So the reason why Abraham sent the other sons away seems to be that he wanted to make sure that Isaac indeed inherited his estate. He may have been concerned that after his death, the six sons of Keturah, whose mother would likely still have been living (since Keturah seems to have been younger than Abraham), might have banded together against Isaac, the son of a different mother who had died, to try to claim the inheritance for themselves.
The case of Jephthah presents a comparable, even though slightly different, example. He was the eldest son of a man named Gilead, though his mother was a prostitute. The book of Judges relates, “Gilead’s wife also bore him sons, and when they were grown up, they drove Jephthah away. ‘You are not going to get any inheritance in our family,’ they said, ‘because you are the son of another woman.'” Abraham may have been concerned that the same kind of thing would happen to Isaac, and so he sent the other sons to live in another place.
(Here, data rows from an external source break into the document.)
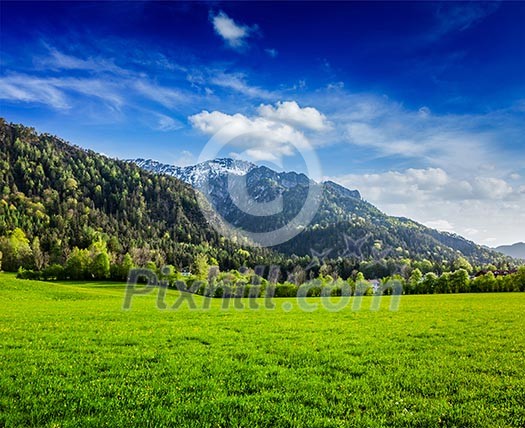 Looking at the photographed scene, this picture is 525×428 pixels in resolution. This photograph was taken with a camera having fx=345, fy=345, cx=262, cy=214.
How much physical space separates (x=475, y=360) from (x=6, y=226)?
21966 cm

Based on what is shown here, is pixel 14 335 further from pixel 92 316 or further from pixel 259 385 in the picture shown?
pixel 259 385

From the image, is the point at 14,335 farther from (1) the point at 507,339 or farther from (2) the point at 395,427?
(1) the point at 507,339

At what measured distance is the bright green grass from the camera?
838cm

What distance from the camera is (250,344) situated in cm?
1752

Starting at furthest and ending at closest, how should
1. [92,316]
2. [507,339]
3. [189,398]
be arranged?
[92,316], [507,339], [189,398]

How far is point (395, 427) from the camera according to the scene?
8.00 meters

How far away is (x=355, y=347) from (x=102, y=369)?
441 inches

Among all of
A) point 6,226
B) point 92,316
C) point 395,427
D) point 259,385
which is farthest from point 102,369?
point 6,226

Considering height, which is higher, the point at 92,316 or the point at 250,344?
the point at 250,344

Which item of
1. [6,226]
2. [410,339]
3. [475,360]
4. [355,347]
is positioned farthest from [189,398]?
[6,226]

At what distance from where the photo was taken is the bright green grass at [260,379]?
8.38 m

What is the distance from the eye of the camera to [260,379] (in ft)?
36.8

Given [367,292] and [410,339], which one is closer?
[410,339]

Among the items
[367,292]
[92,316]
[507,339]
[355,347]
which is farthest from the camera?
[367,292] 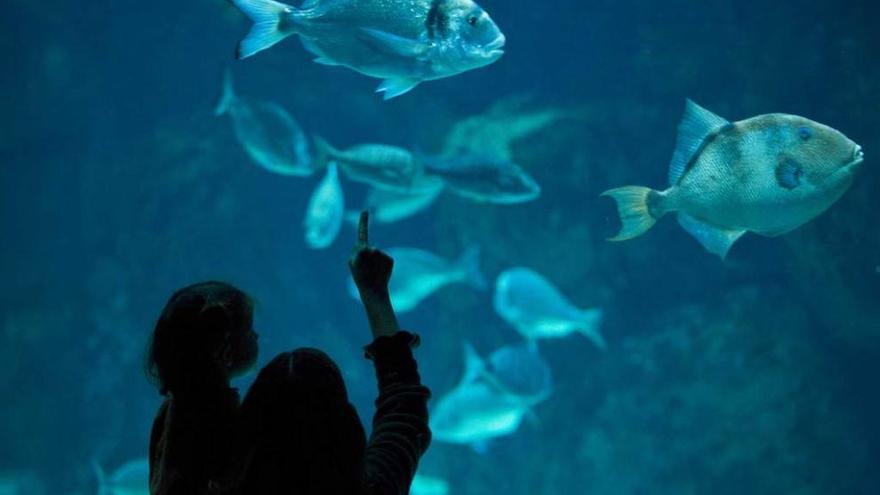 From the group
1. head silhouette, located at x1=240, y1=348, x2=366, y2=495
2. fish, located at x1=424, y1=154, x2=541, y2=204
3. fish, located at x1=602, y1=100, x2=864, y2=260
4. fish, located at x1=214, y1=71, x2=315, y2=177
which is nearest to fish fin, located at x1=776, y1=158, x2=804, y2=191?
fish, located at x1=602, y1=100, x2=864, y2=260

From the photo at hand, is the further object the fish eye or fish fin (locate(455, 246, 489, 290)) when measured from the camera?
fish fin (locate(455, 246, 489, 290))

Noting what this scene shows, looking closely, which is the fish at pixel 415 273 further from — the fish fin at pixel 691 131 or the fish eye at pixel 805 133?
the fish eye at pixel 805 133

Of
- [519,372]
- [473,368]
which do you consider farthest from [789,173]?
[473,368]

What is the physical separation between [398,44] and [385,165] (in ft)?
9.34

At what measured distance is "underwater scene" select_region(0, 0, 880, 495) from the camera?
715 centimetres

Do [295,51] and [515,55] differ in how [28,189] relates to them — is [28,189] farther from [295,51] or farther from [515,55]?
[515,55]

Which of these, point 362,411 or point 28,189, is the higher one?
point 28,189

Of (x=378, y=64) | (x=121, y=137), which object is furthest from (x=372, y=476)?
(x=121, y=137)

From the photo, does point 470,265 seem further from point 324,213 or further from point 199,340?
point 199,340

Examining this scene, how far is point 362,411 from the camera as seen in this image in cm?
973

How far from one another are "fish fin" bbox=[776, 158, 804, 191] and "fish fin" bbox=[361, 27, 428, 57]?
5.49 ft

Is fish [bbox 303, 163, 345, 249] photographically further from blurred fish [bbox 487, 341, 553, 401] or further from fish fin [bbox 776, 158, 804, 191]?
fish fin [bbox 776, 158, 804, 191]

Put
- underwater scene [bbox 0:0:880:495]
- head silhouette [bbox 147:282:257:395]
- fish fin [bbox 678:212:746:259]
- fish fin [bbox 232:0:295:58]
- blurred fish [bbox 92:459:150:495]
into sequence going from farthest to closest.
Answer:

The Bible does not say whether Keturah’s sons actually would have tried to get the inheritance away from Isaac. It does not say whether Abraham sending them away was a good or a bad thing. So we have to come to some conclusion about that ourselves. In this post, “Who was Abraham’s second wife, Hagar or Keturah?” I say that Hagar (along with her son Ishmael) “is one of the figures in the Bible who is treated worst by the people who were supposed to be following and obeying God.” We might similarly wonder whether it was right for Abraham to remarry after Sarah’s death but then treat his second wife’s sons so unfavorably compared with his first wife’s son. We would probably not think that was suitable if someone did it today. So beyond the question of why Abraham sent the other sons away, we have the question of whether that was a proper thing for him to do. And we must come to some conclusion about that by reflecting on all the principles that the Bible teaches us.